**Work order:** With pictures omitted, transcribe exactly the lines from the one containing "Aylal 2* Essaouira" to the end of the records below.
-- Data listing follows --
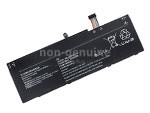 XiaoMi R14B06W battery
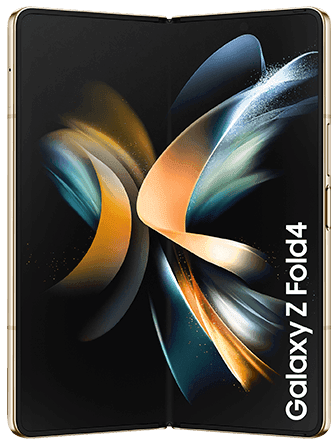 Samsung Galaxy Z Fold4 5G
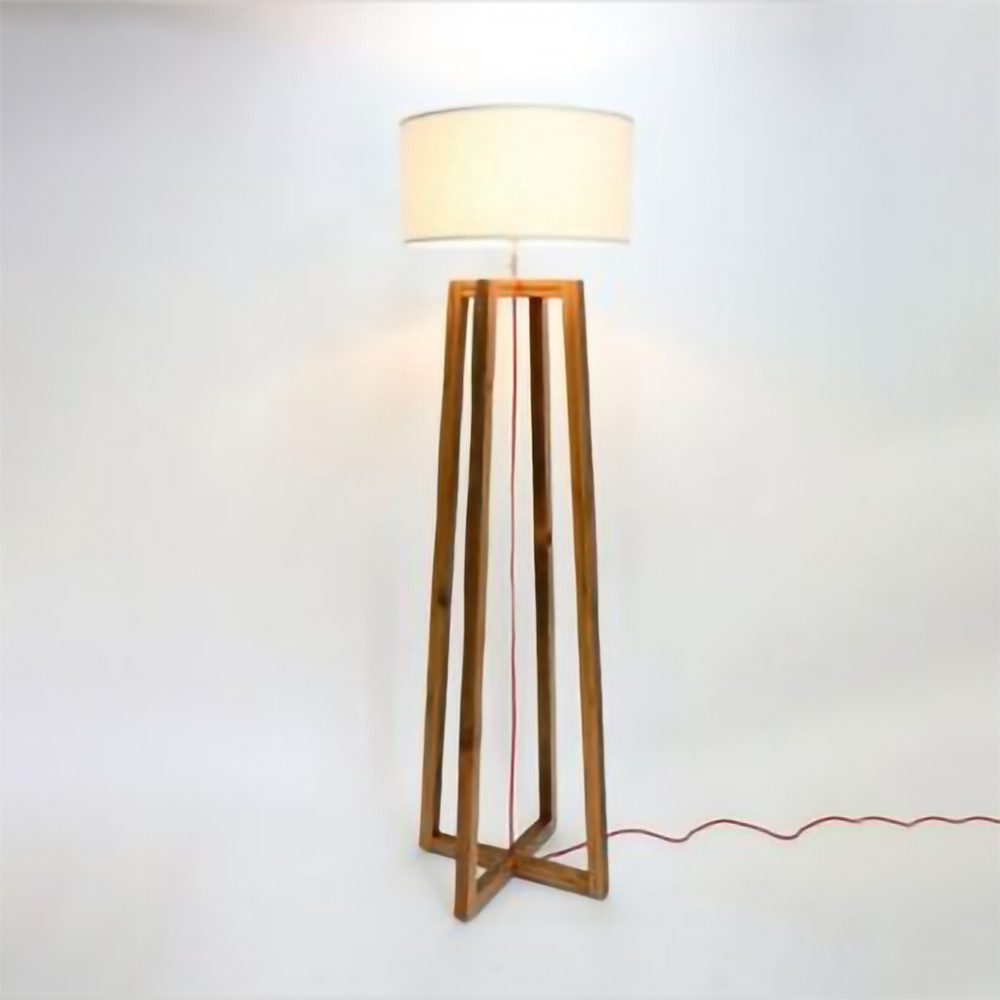 L-18.jpg 4 Legs Lamp Shades-L-18 - Image 1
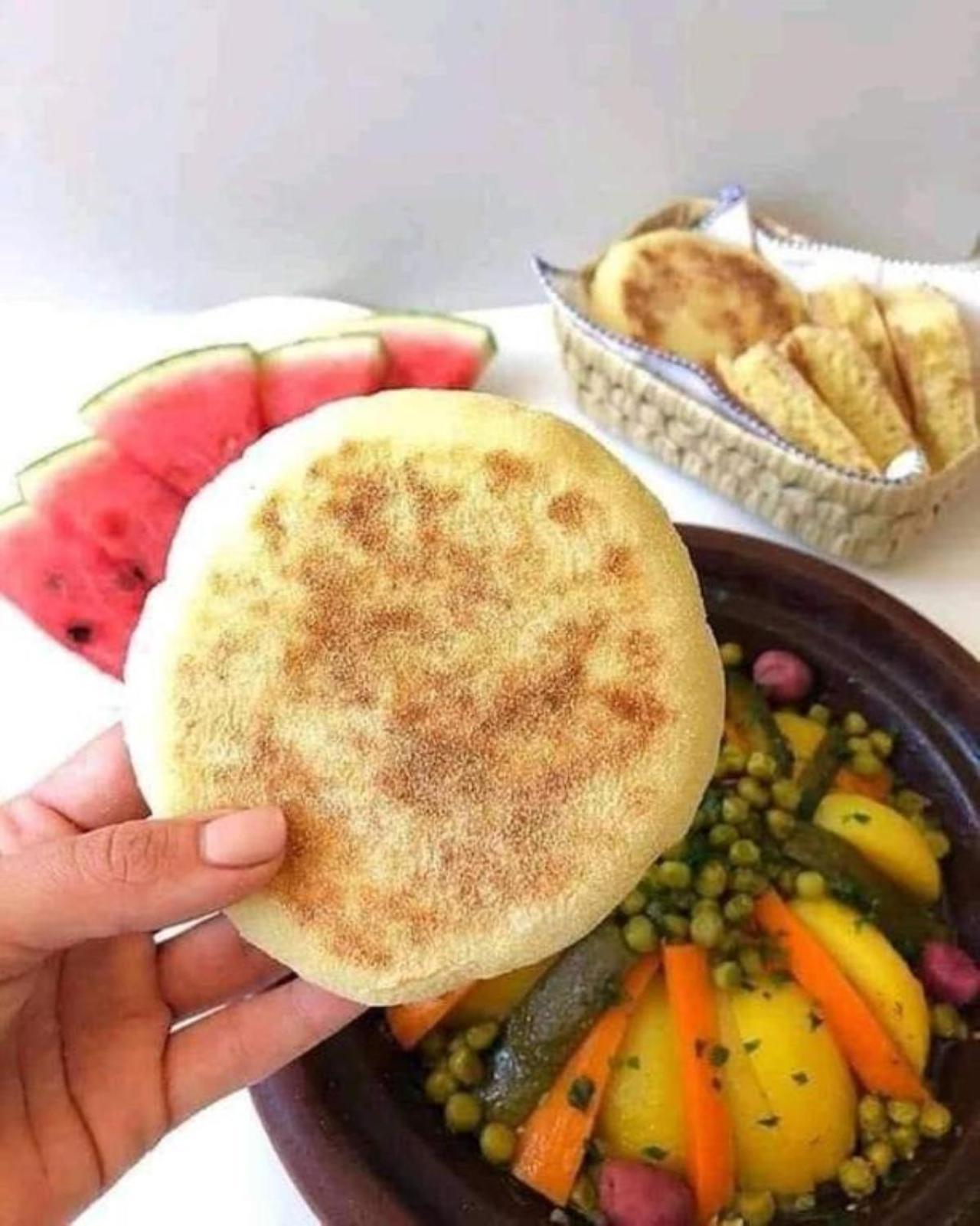 Aylal 2* Essaouira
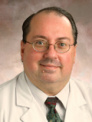 Kenneth D Calhoun, MD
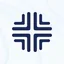 Locata logo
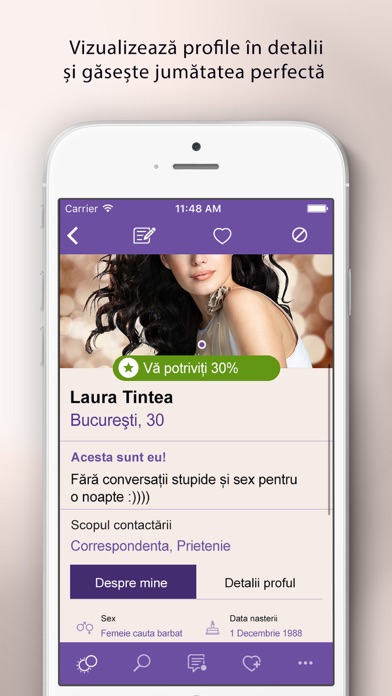 matrimoniale elmaz germania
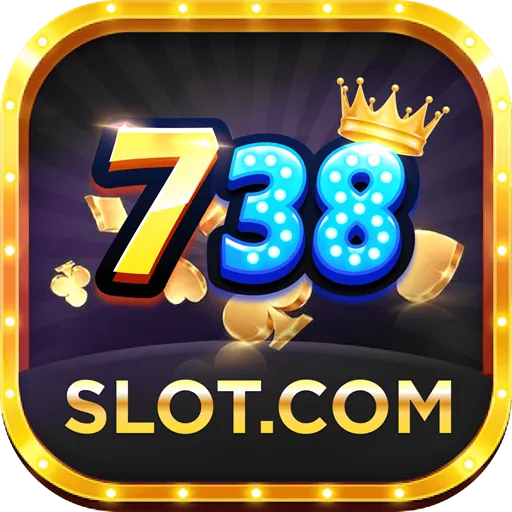 738SLOTS - Aplikasi Cek Harga Belanja Terbaik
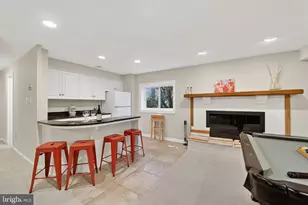 5115 Cape Cod Ct, Bethesda, MD 20816 - Photo 49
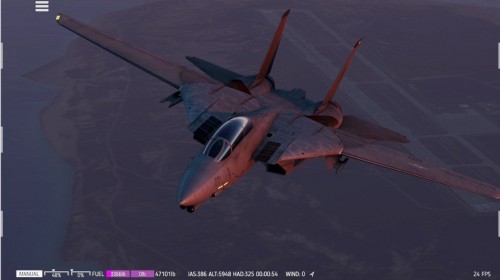 ĸHD °棨Aircaft Carrier Simulator 3D؈D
-- Data listing concluded --
**Solution to the problem:**
 Aylal 2* Essaouira
 Kenneth D Calhoun, MD
 Locata logo
 matrimoniale elmaz germania
 738SLOTS - Aplikasi Cek Harga Belanja Terbaik
 5115 Cape Cod Ct, Bethesda, MD 20816 - Photo 49
 ĸHD °棨Aircaft Carrier Simulator 3D؈D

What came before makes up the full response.